Crime, Law & Justice, Politics

Fujimori: amnesty law for human rights violators intended to bring stability

Jailed ex-President Alberto Fujimori told state prosecutor Jose Antonio Peláez today that two laws passed during his administration inadvertently benefited members of the Colina group death squad, which was responsible for killing 25 people suspected of collaborating with the Shining Path insurgency.

Fujimori said the 1994 Cantuta law and 1995 Amnesty law were intended to stabilize Peru after 15 years of internal conflict. “I considered it necessary to look for a peaceful solution after 14 or 15 years of internal war,” said Fujimori. “They were part of a general plan by the government to lead Peru to peace.”

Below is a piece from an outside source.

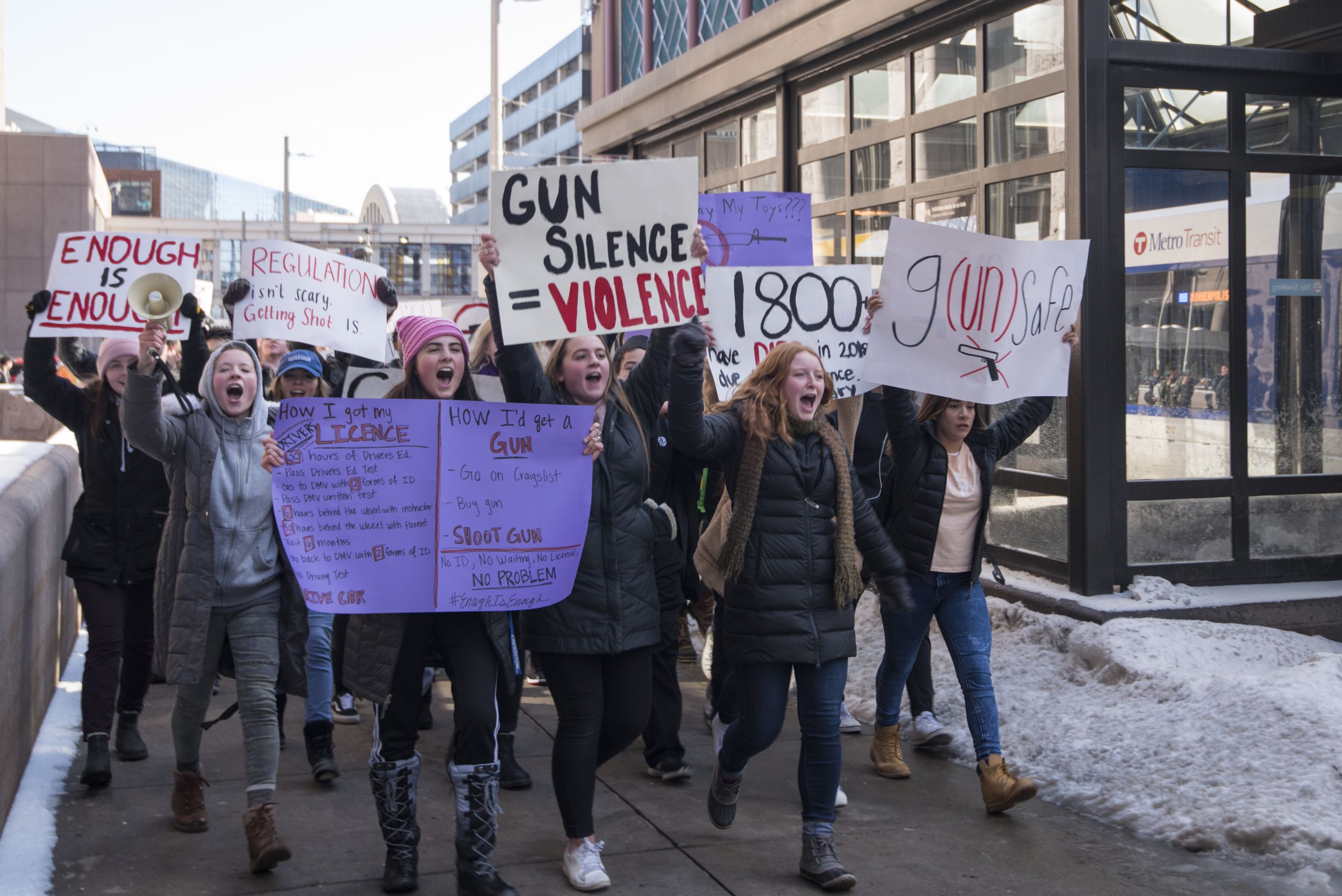 A group of high schoolers protesting for gun reform. Photo by Fibonacci Blue via Creative Commons/Wiki media.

The Cantuta law allowed members of the Colina group to be prosecuted for the La Cantuta murders in a military court, where the head of the death squad, Major Santiago Martin Rivas, received a 20-year prison sentence.

A year later, he and the rest of Colina group were pardoned under a sweeping Amnesty law, which provided immunity for police officers, military personnel and civilians convicted or accused of human rights violations during the internal war.

Fujimori told prosecutors on Monday he first learned of the Colina group’s existence in 1993, when his intelligence chief, Vladimiro Montesinos, told him “there was the possibility that this group, of Martin Rivas and the others, had committed the crimes.”

Fujimori is accused of authorizing the Colina group to kill 15 people in Lima’s Barrios Altos district in 1991 and nine students and one professor at La Cantuta University in 1992. At the time, Fujimori temporarily resided in the intelligence headquarters that the Colina group used as its base of operations, and decorated its members with medals of honor soon after the Barrios Altos massacre.

He faces up to 30 years in prison if convicted.